So, currently there are 100 rows of data with 10 participants, each measured
10 different times and at each time of measure they were exposed to a unique set
of x2 and x3 conditions and measured with three instruments.
Our goal here is to use the Restructure function to transform the format of
the data file from its current Long format (each participant has 10 rows), to a
short format (where each participant has one row) while still retaining all
the information contained in the original data file.
Start by clicking on Data in the tool bar. Next, click on Restructure...
Next, select "Restructure selected cases into variables" option which is
emphasized with a red ellipse here. Then click the
Next > button.
Step 2; highlight / select the participant.id variable and use the top arrow
button to move it to the Identifier Variable(s): box. Then click the Next >
button.
Step 3; we do not need to change the Sort option; we can allow SPSS to
sort the data by the identifier -- which will list each participant sequentially
from 1 to 10 as rows in our new data file. Click the Next > button to continue.
Step 4; select "Group by index(for example: w1 h1, w2 h2, w3 h3" which is
emphasized here with a red rectangle. This option
will allow us to keep each unique combination of x1, x2, x3 conditions' outcome
scores separated from each group of outcome scores associated with every other
unique combination of x1, x2, x3 conditions. Click the Next > button to
continue.
Lastly, select the "Paste the syntax generated by the wizard into a syntax
window" option which is emphasized here with a red ellipse.
After selecting the paste option, click the Finish button and a warning box will
appear to let you know the sets (data sets) will still be available in after
restructuring has taken place.
Click the OK button and a syntax window will open with the generated syntax in
it.
In the syntax window, highlight all the text and then click on the run
Selection button
to run the
syntax. Below right; the word Selection has appeared because the cursor is being
held over the run Selection button.
Once the function runs, the output window will open (if not already open) and
it will contain some trivial output showing which variables were generated
(really which variables were transposed) and it will show a Processing
Statistics table which displays the number of cases in and out, number of
variables in and out, and the number of index variables.
The new data file should resemble what is below.

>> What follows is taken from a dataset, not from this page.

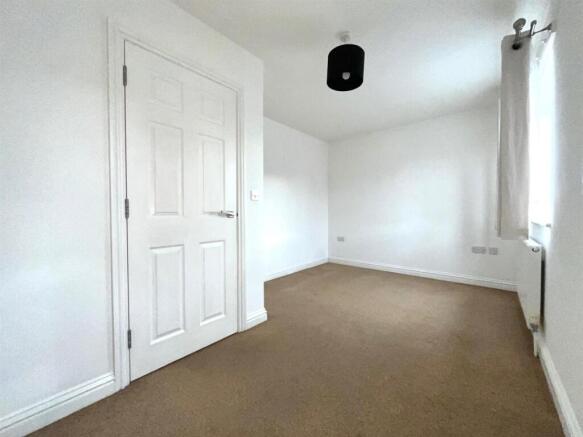 Bedroom 2.jpg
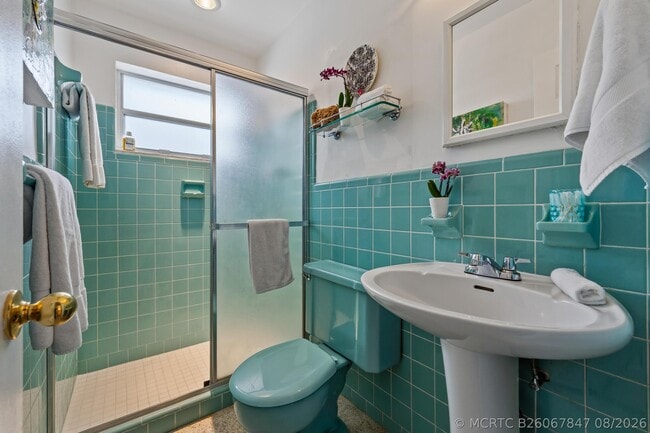 Building Photo - 708 Westwind Dr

Each row in the new data file corresponds to a single participant because we
used the participant.id variable as our identifier variable. The participant.id
variable is the only column which was not changed or re-named in the
restructuring. The code variable from the original data has now been broken down
into ten columns and servers as a marker in the new data file; marking each
of the 10 segments or chunks of data. By segment or chunk, we mean each time of measure. The
x1.number and x1.letters variables also serve this function; identifying each of
the ten times of measure. Each segment contains the unique combination of x1,
x2, x3 identifiers and a unique score on x4, x5, x6 for each participant.
Sliding the cursor to the right (in the data window of SPSS) you'll notice each
time of measure, or chunk; identified by the sequential numbers and letters (chunks from
left to right, 1 to 10 & A to J) in the columns associated with the x1 variables. You will
also notice in each chunk a unique identifier for each of the x2 (1 to 5 & A to E) and x3
(1 to 2 & A to B) variables. Each also chunk contains scores (for each
participant) on the three outcome measures (x4, x5, x6). Having the data in this
format allows us to run repeated measures analysis and/or compute total scores
for each or any unique combination of conditions.
As is the case with all of the tutorials on this web site, this tutorial
should not be considered an exhaustive review of the topic covered; restructure
data from long to wide format. Restructuring data from wide to long can be done
by using similar steps; simply choose "Restructure selected variables into
cases" at the initial Restructure Data Wizard dialog and follow the steps of the
wizard.
|